In what has been a rather lacklustre economic recovery one standout success for the UK has been job creation. In the last eight years the number of people in employment has risen by 10% to record levels. Self-employment is up by a quarter. Britain’s unemployment rate today is one of the lowest in Europe and at the lowest level since 1975. There are three quarter of a million job vacancies in the UK today.

Common sense suggests that as unemployment falls, and employers struggle to fill vacancies, wages will rise. This relationship is embodied a simple economic model, the so-called Phillips Curve. Yet today this model, and this way of thinking about wage pressures, no longer seems to work for the UK.

Two years ago real wages, after inflation, were growing at an annual rate of almost 3.0%.  Today, with unemployment down sharply, real wages are contracting, and have fallen by about 1.0% in the last year. A golden age for jobs has also seen what the Resolution Foundation, a think tank, describes as the slowest period of wage growth since the Napoleonic wars.

How can we explain the apparent breakdown in the relationship between unemployment and wages?

Four forces seem to be at work. 

First, there may be more slack, or spare capacity, in the jobs market than meets the eye. Free movement of people within the EU has expanded the potential supply of labour for UK companies from 32 million UK-based workers to tens of millions of people across Europe. At the same time higher levels of part-time employment, which now accounts for a quarter of UK jobs, means that more people with existing jobs can work longer hours if needed. 

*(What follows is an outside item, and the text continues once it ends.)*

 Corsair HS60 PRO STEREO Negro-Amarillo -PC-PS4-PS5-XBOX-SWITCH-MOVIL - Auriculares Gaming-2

Second, a series of changes have eroded the bargaining power of labour. Globalisation and technological innovation have led to the loss of many mid-level jobs. Union membership has declined from around 13 million people in the late 1970s to about six million today, in the process eroding the wage premium associated with union membership. The Bank of England estimate that this premium typically adds between 10 to 15% to pay.

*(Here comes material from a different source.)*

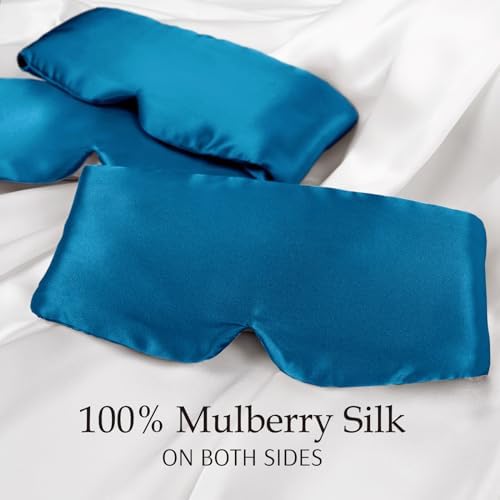 Zenssia 100% Mulberry Silk Sleep Eye Mask for Men and Women, Peacock Blue - Image 2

The composition of the workforce has also shifted away from full time jobs. Part-time and temporary work, self-employment and zero hours contracts have flourished and today account for 43% of the UK workforce. Pay in these growth areas tends to lag behind equivalent full time occupations. The pay ‘discount’ for self-employment is around 15%, for zero hours contracts 7%, temporary contracts 5-6% and for agency workers about 2.5%.

Third, business and government have reacted to a volatile, slower growth environment by squeezing costs, particularly wages. Deloitte’s Chief Financial Officers’ survey shows that cost control has remained a consistent business priority in the recent years, even at times of accelerating growth and buoyant confidence.  In the public sector pay rises for key workers are capped at 1.0% a year until 2019-20, a level which is well below current and forecast inflation rates.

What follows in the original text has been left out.